When the City of Ottawa is short on ambulances and paramedics, the services of Prescott-Russell are called into action, but that is putting pressure on the local emergency response services.
The United Counties of Prescott and Russell (UCPR), along with other regional governments in Eastern Ontario, continue to seek solutions for challenges associated with their paramedic services responding to calls in neighbouring jurisdictions.
UCPR paramedics regularly respond to calls in the City of Ottawa when not enough paramedics and ambulance vehicles from the city’s own service are not available. However, the time devoted by UCPR paramedics to responses in Ottawa results in a shortage of paramedics and vehicles available to respond quickly to calls for service in the UCPR.

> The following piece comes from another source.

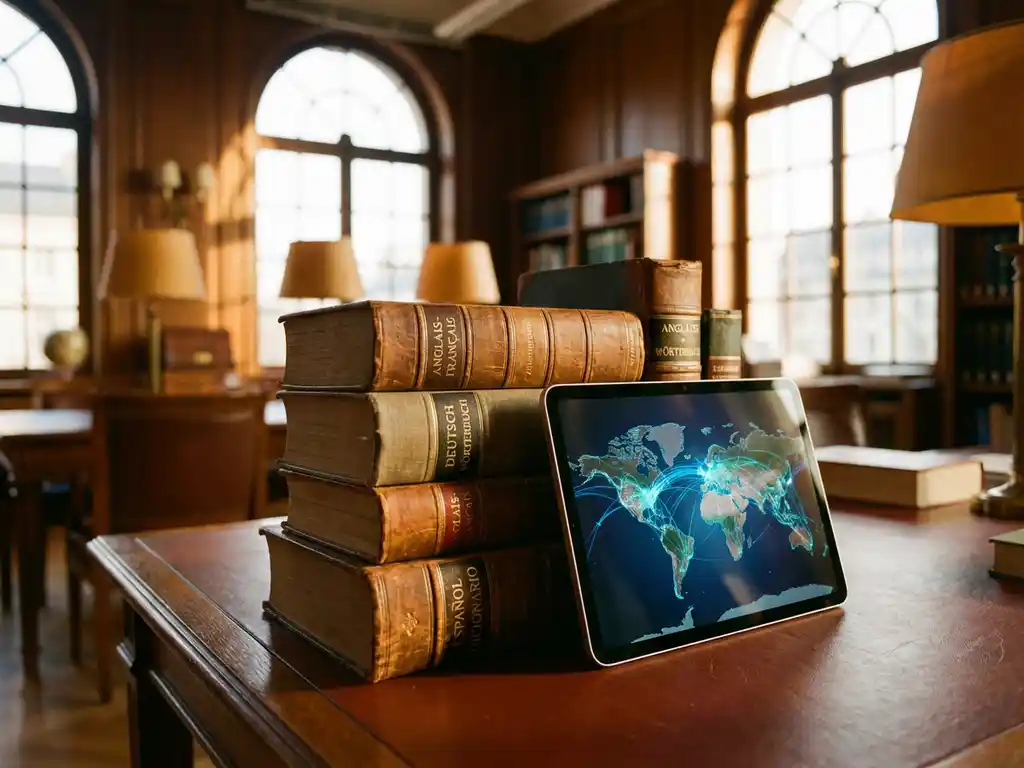 Vintage Wörterbücher gestapelt auf Mahagoni-Schreibtisch mit modernem Tablet, das Weltkarte zeigt, warmes Nachmittagslicht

On August 24, UCPR Council approved the same UCPR paramedic response times for 2024 as those which had been set for 2023. The Ontario Ministry of Health sets the target response time for a sudden cardiac arrest at six minutes, and at eight minutes for a Canadian Triage and Acuity Scale (CTAS) level one situation. The UCPR has set target response times for CTAS levels 2, 3, 4, and 5 at 16 minutes. The Eastern Ontario Warden’s Caucus’ (EOWC) recent Situational Review of paramedic services in the UCPR, Stormont, Dundas and Glengarry, Leeds and Grenville, Lanark, and Renfrew counties identified many factors influence paramedic services’ ability to meet their annual response times.

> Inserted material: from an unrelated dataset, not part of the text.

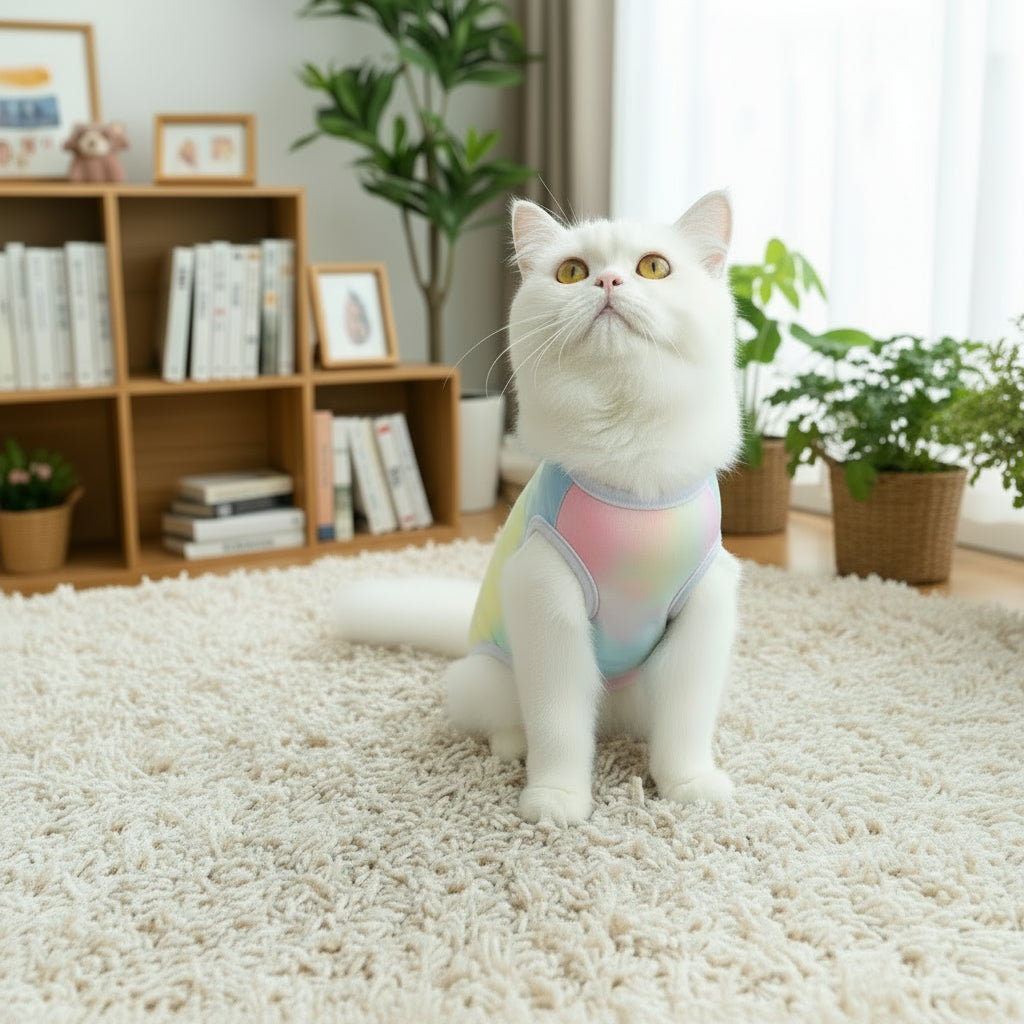 Gestreifte Schutzhose für Katzen und kleine Hunde – Atmungsaktive Baumwolle, komfortabler Sitz, ideal nach OP oder Sterilisation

UCPR Director of Emergency Services Marc-André Périard said a new dispatching system, and increased funding for community paramedics will help strengthen services, but emphasized the UCPR is meeting its response times. Périard explained how the UCPR’s paramedic resources continue to be pulled into other municipalities, and there is also a shortage of human resources, but these complications will not change the response.
Chief Administrative Officer Stéphane Parisien said the UCPR was part of a joint delegation with Ontario Minister of Health Sylvia Jones at the summer Association of Municipalities of Ontario conference where the issue of UCPR paramedics covering responses in neighbouring jurisdictions was addressed. Parisien is optimistic there will be a future meeting between the affected regional governments and Ottawa Mayor Mark Sutcliffe to discuss the situation.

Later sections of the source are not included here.